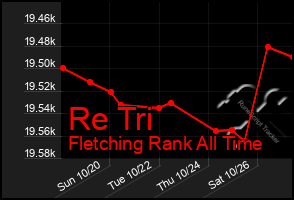 Total Graph of Re Tri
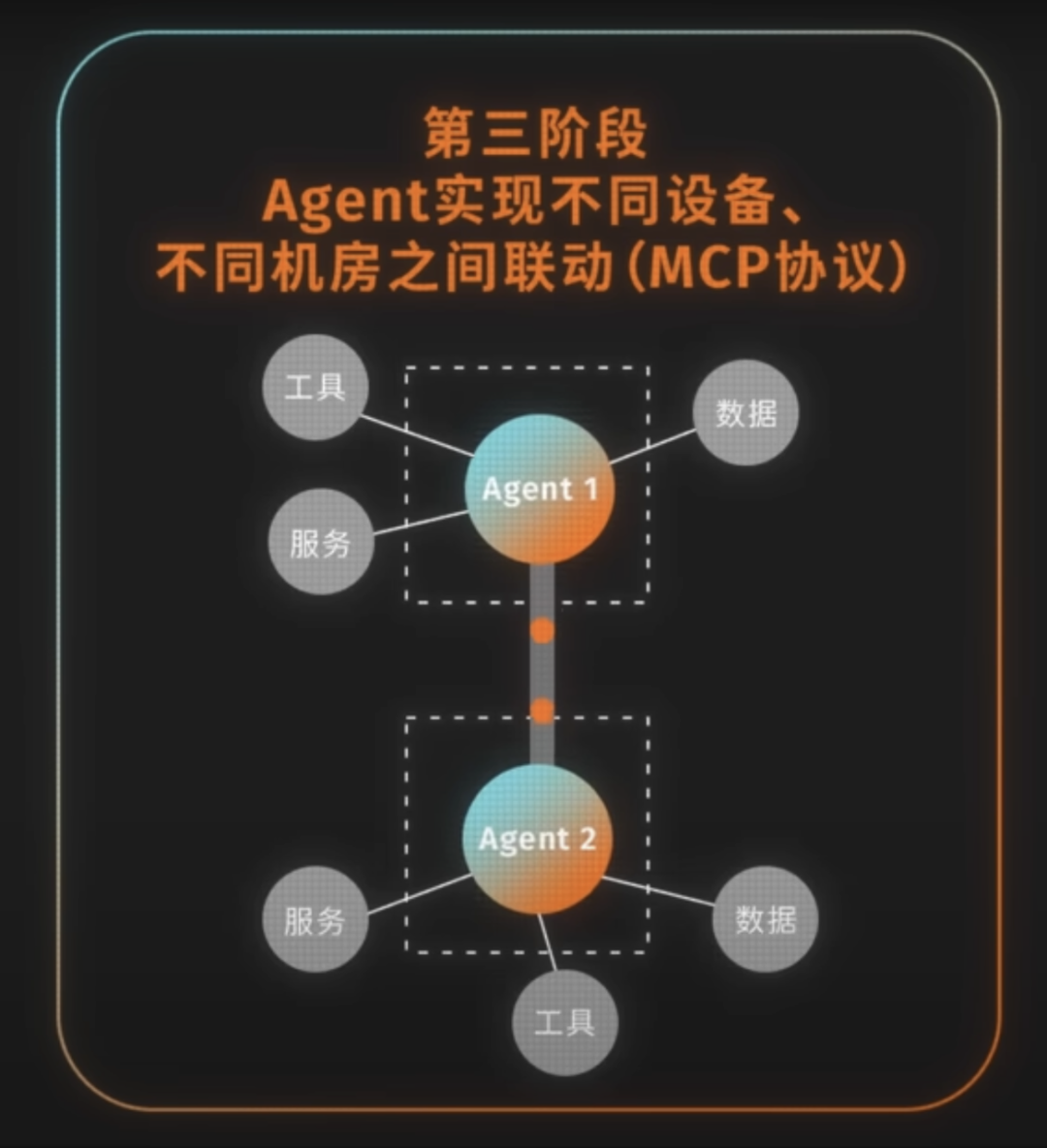 AI Agent进化史：从单兵作战到万物互联的四个关键阶段 配图 3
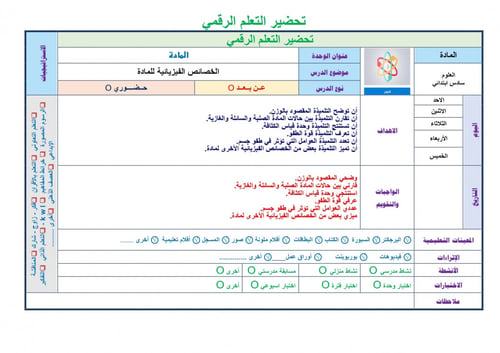 تحضير علوم سادس ابتدائي الفصل الثالث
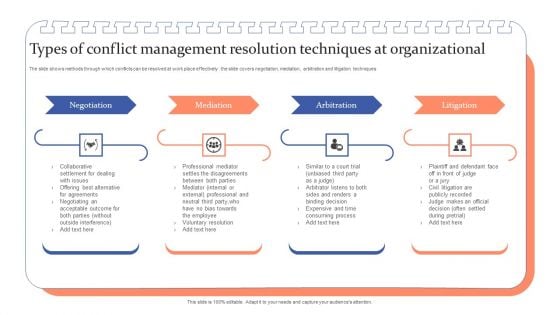 Types Of Conflict Management Resolution Techniques At Organizational Ppt Inspiration Graphics Tutorials PDF Types Of Conflict Management Resolution Techniques At Organizational Ppt Inspiration Graphics Tutorials PDF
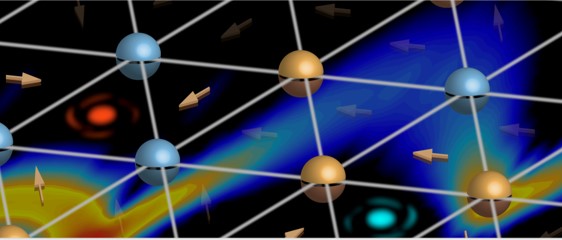 示意图二维量子磁性材料TMGO的三角晶体结构、自旋织构与涡旋对激发(背景为磁振子-旋子色散)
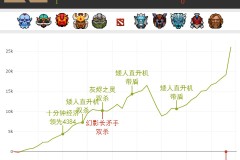 “养老战队”成立！SumaiL、w33、Resolut1on等老将组建Dota Heroes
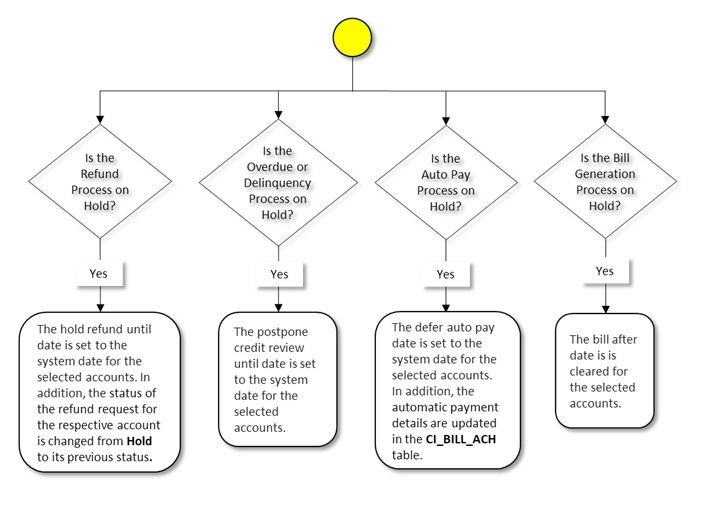 The figure indicates how a hold request moves from one status to another when the approval process is configured in the hold request type. Since the hold request status transition flow spans across multiple pages, we have split the flow into eight parts — Part 1, Part 2, Part 3, Part 4, Part 5, Part 6, Part 7, and Part 8. This is Part 8 of the hold request status transition flow.
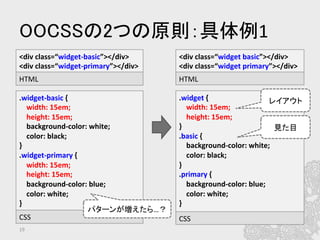 OOCSSの2つの原則：具体例1	
	
  
	
  
	
  
	
  
	
  
19	
.widget-­‐basic	
  {	
  
	
  	
  	
  	
  width:	
  15em;	
  
	
  	
  	
  	
  height:	
  15em;	
  
	
  	
  	
  	
  background-­‐color:	
  white;	
  
	
  	
  	
  	
  color:	
  black;	
  
}	
  
.widget-­‐primary	
  {	
  
	
  	
  	
  	
  width:	
  15em;	
  
	
  	
  	
  	
  height:	
  15em;	
  
	
  	
  	
  	
  background-­‐color:	
  blue;	
  
	
  	
  	
  	
  color:	
  white;	
  
}	
  
CSS	
  
.widget	
  {	
  
	
  	
  	
  	
  width:	
  15em;	
  
	
  	
  	
  	
  height:	
  15em;	
  
}	
  
.basic	
  {	
  
	
  	
  	
  	
  background-­‐color:	
  white;	
  
	
  	
  	
  	
  color:	
  black;	
  
}	
  
.primary	
  {	
  
	
  	
  	
  	
  background-­‐color:	
  blue;	
  
	
  	
  	
  	
  color:	
  white;	
  
}	
  
CSS	
  
<div	
  class=“widget-­‐basic”></div>	
  
<div	
  class=“widget-­‐primary”></div>	
  
HTML	
  
<div	
  class=“widget	
  basic”></div>	
  
<div	
  class=“widget	
  primary”></div>	
  
HTML	
  
レイアウト	
見た目	
パターンが増えたら…？	
 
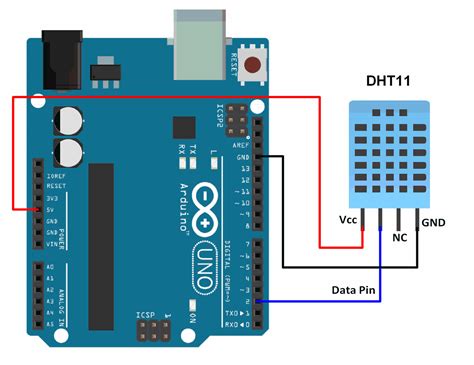 Image result for Arduino DHT11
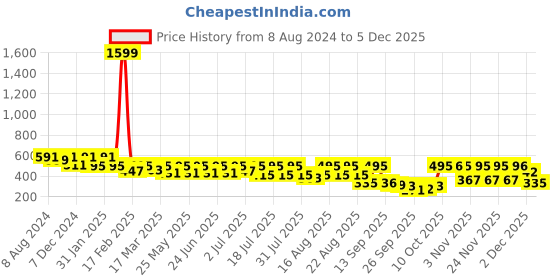 myntra.com Uptownie Stretchable Cut-out Ribbed Top uptownie Price History Graph from 8 Aug 2024 to 5 Dec 2025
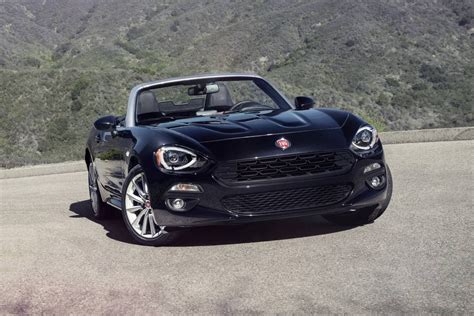 2018 FIAT 124 Spider Convertible Pricing - For Sale | Edmunds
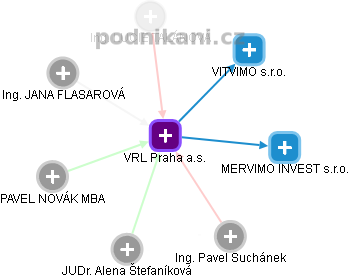 VRL Praha a.s. - obrázek vizuálního zobrazení vztahů obchodního rejstříku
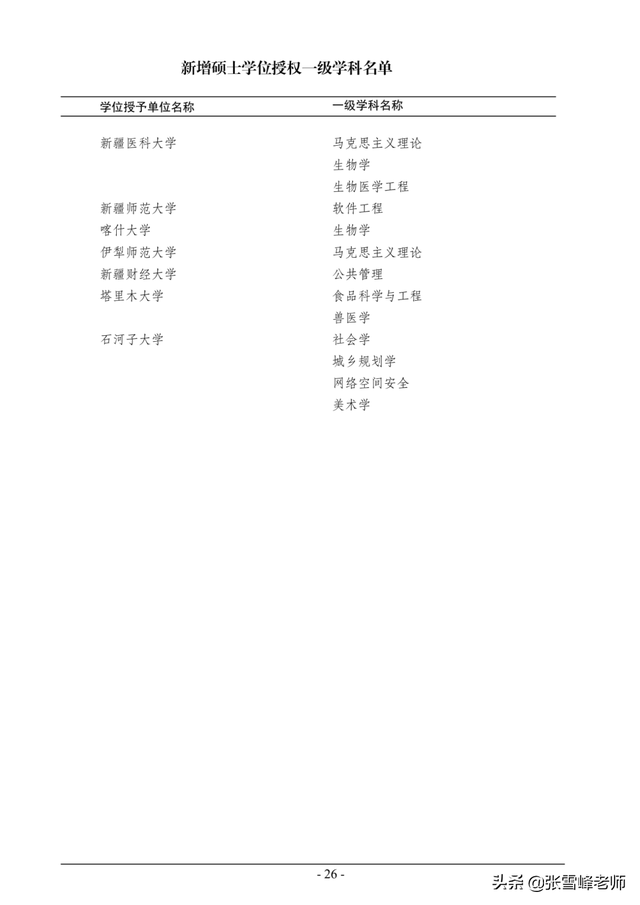 硕士点是什么意思，立项硕士点是什么意思（教你一招捡漏好专业）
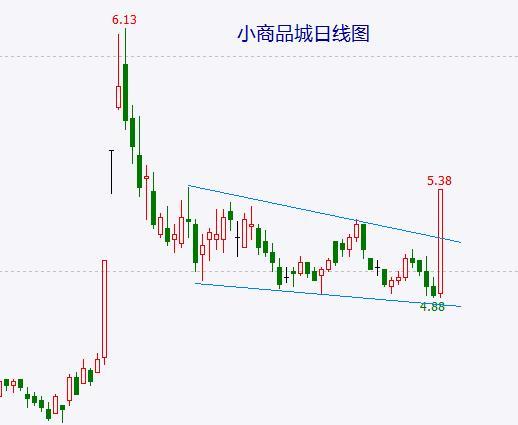 龙头股解析：房地产上游嗨了 能追涨吗？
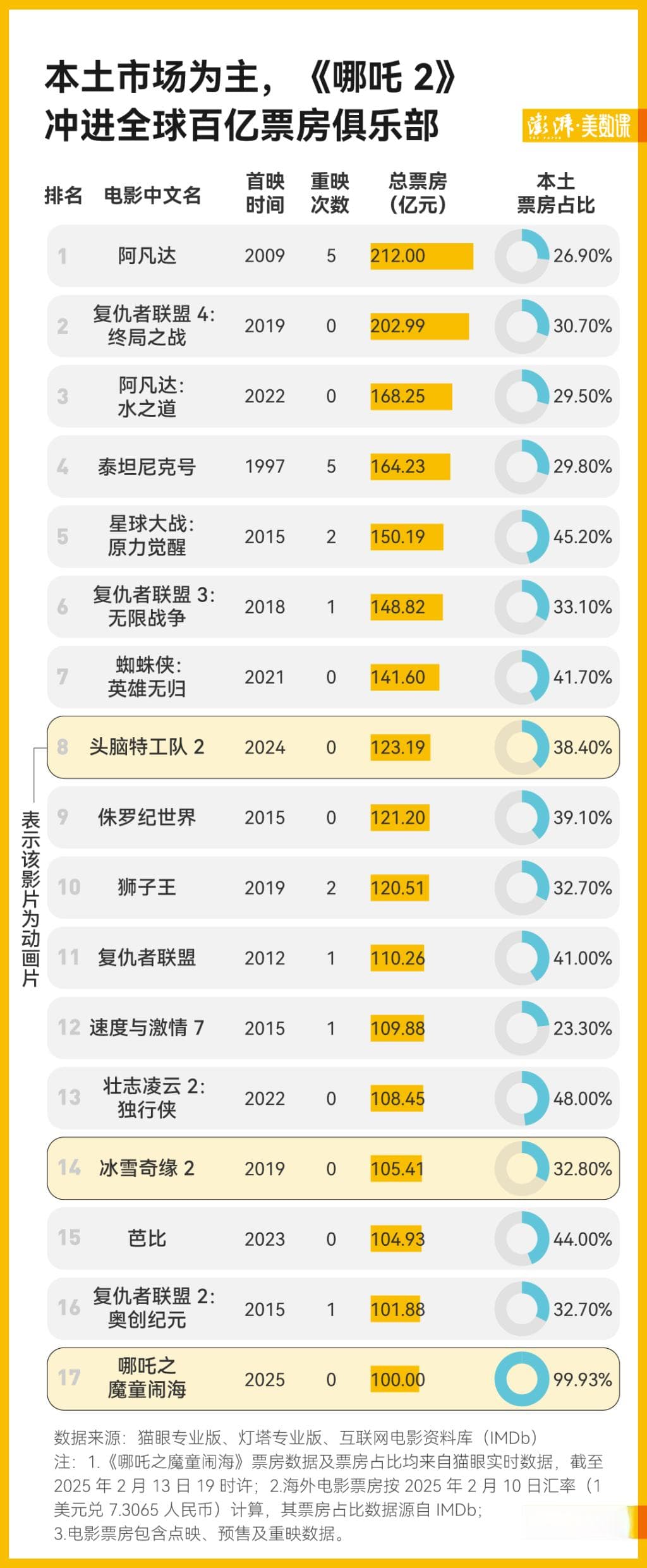 百亿之后离全球Top10还有多远？看哪吒如何“闹”出海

• _Your task_
Make an exact copy of the lines of the records from the line containing "龙头股解析：房地产上游嗨了 能追涨吗？" through the final line, both ends included, but not of the pictures.

• _Written response_
 龙头股解析：房地产上游嗨了 能追涨吗？
 百亿之后离全球Top10还有多远？看哪吒如何“闹”出海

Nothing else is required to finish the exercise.